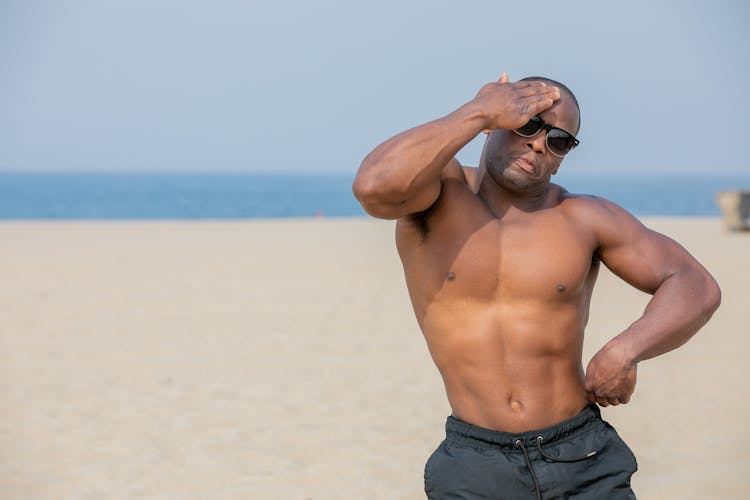 Shirtless Man With Athletic Build On The Beach In A Funny Pose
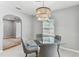 Stylish dining room featuring a glass table, modern light fixture and natural light at 1046 Yale N St, St Petersburg, FL 33713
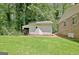An outdoor white storage shed sits in the backyard on a well-maintained, grassy lawn at 152 Dana Dr, Fayetteville, GA 30215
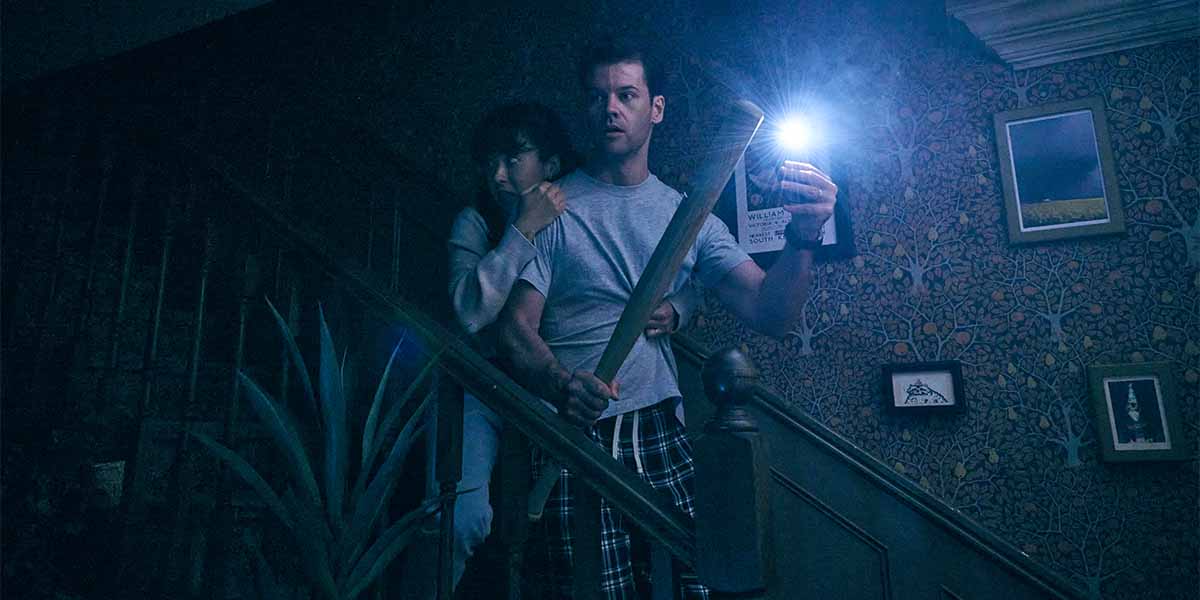 Ty Fanning as James holds a flashlight, while Ami Okumura Jones as Lou clings to him on stairs.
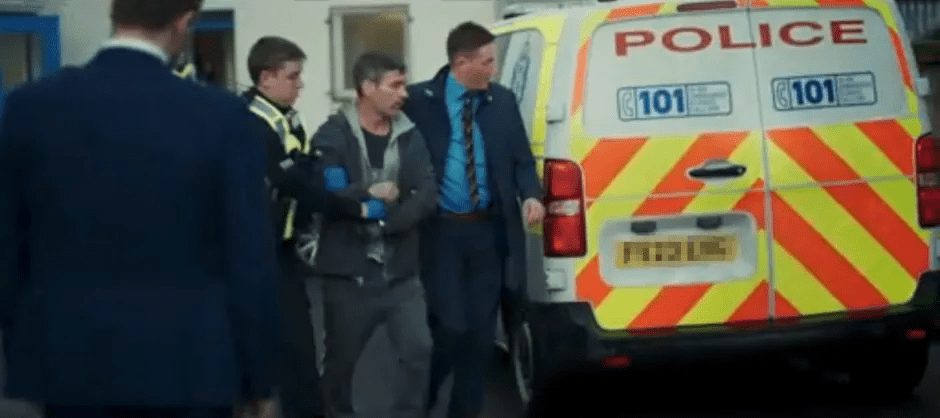 Man in handcuffs being escorted by police.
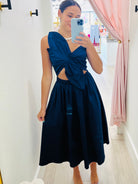 Woman taking a mirror selfie wearing a blue dress with a knot detail.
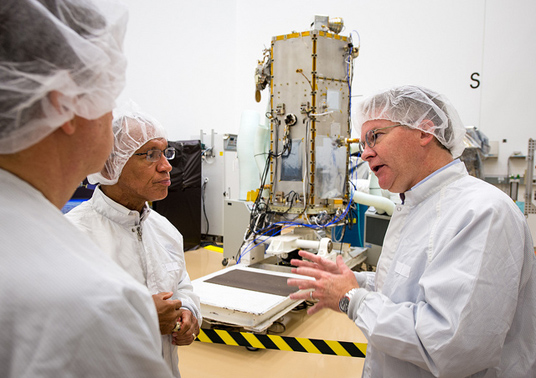 NASA Administrator Charles Bolden, left, listens as CEO and President of Orbital Sciences Corporation David Thompson, right, talks about the Orbiting Carbon Observatory 2 (OCO-2) satellite, background, in a clean room at Orbital's facility in Gilbert, AZ, on August 9, 2013. Credit: NASA/Bill Ingalls.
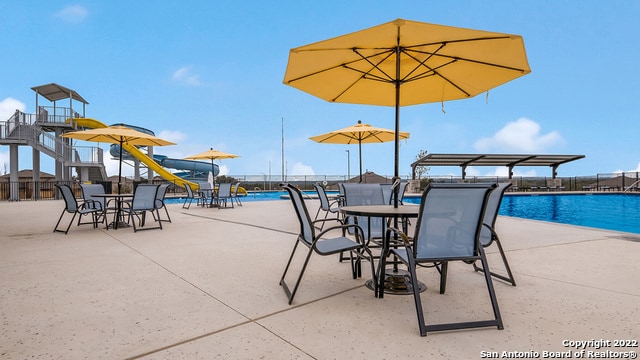 view of patio / terrace featuring a community pool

--

**REQUIREMENT:**
Both the first line of the records above and the line containing "Woman taking a" belong in the copy; please return them and every line between, exactly, minus the pictures.

**ANSWER FOR THIS EXERCISE:**
 Shirtless Man With Athletic Build On The Beach In A Funny Pose
 Stylish dining room featuring a glass table, modern light fixture and natural light at 1046 Yale N St, St Petersburg, FL 33713
An outdoor white storage shed sits in the backyard on a well-maintained, grassy lawn at 152 Dana Dr, Fayetteville, GA 30215
 Ty Fanning as James holds a flashlight, while Ami Okumura Jones as Lou clings to him on stairs.
 Man in handcuffs being escorted by police.
 Woman taking a mirror selfie wearing a blue dress with a knot detail.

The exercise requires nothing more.